Yes. I absolutely understand the mechanical disadvantage part, albeit practically, as we use this kind of a lever in our industrial machines everyday. So with every rise in the level above 90 degrees, the effort to lift it increases as the web will require more and more tension to lift the lever further because it doesnt stay in a vertical 90 degree rise and fall situation. But, quite frankly, that is something way too theoretical and not really required in the calculation in the concerned practical application as the use of this kind of lever in our machines, though absolutely necessary, is not of a highly critical nature. Although, I appreciate and am impressed you already figured that out by this diagram alone.
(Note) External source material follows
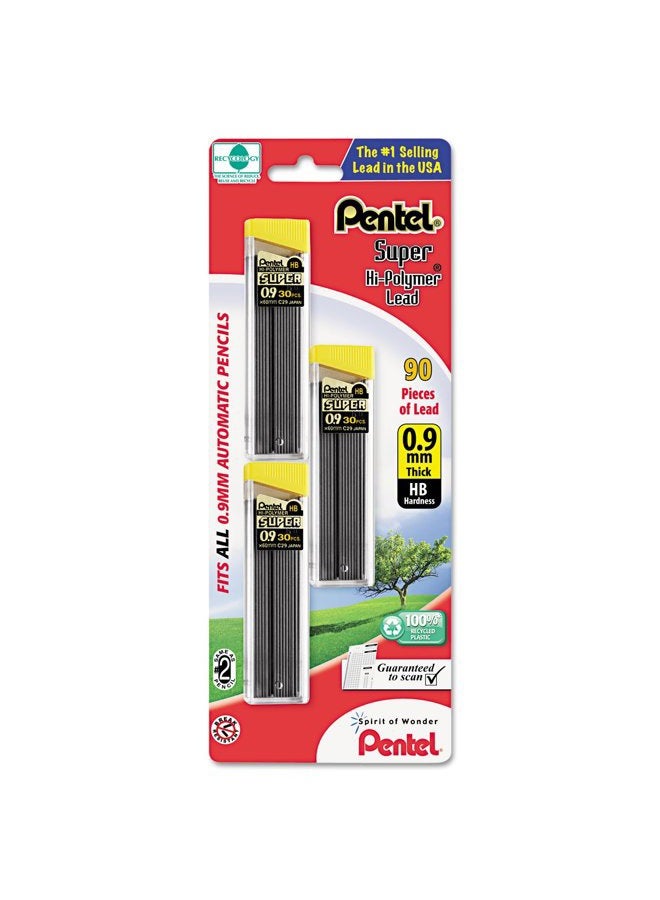 Pentel ® Super Hi-Polymer® Leads, 0.9 mm, HB, 30 Leads Per Tube, Pack Of 3 Tubes - Image 1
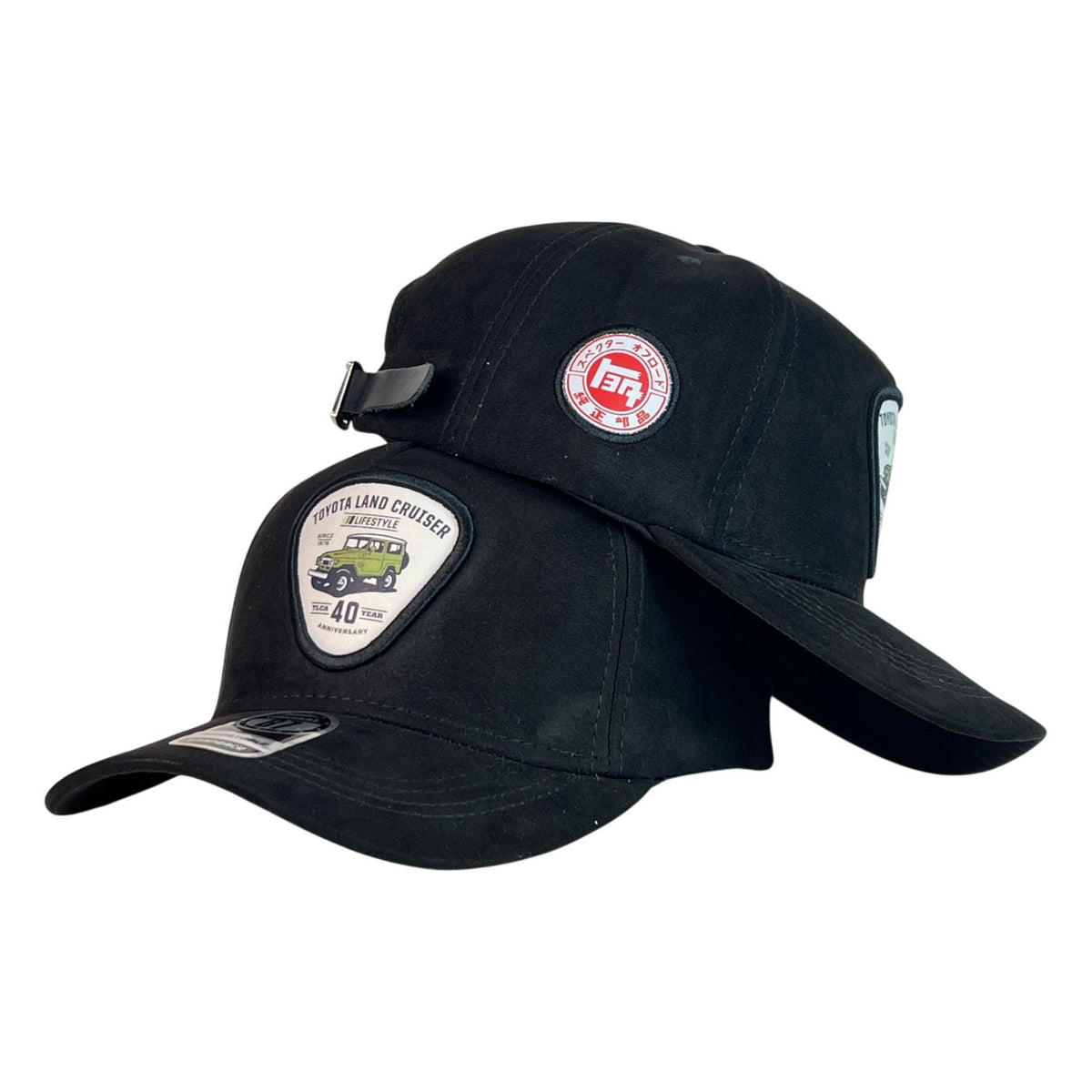 Gorra Toyota Negra en Gamuza con Parche Land Cruiser y Cierre de Cuero.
What I basically want to get at is, If I pass the web through all of the rollers as shown in the diagram, how much force will have to be applied by the web at the exit point where I've pointed the arrow upwards, so that the lever starts rising up. I am only asking this question because right now I am assuming the answer wont be 70N as that is downward force when the lever is suspended from Point E alone, and similarly for all other Points. And in my daily use, we observe that with each roller that we engage the web with, the force or muscle strength required to lift the lever reduces. This is basically used to create a buffer for a servo start stop application because the servo starts and stops at the given length, while the unwind and rewinding of the web reel is a continuous process. So this lever keeps dancing up and down, hence the name dancing roller, to keep the tension maintained and unwinding process continuous while the servo motor starts again to draw the next  length.  In the application for which I want to use this lever, I can safely ignore the mechanical disadvantage factor that is caused once the lever starts rising upwards.

Is there a simple way to get at an approximation??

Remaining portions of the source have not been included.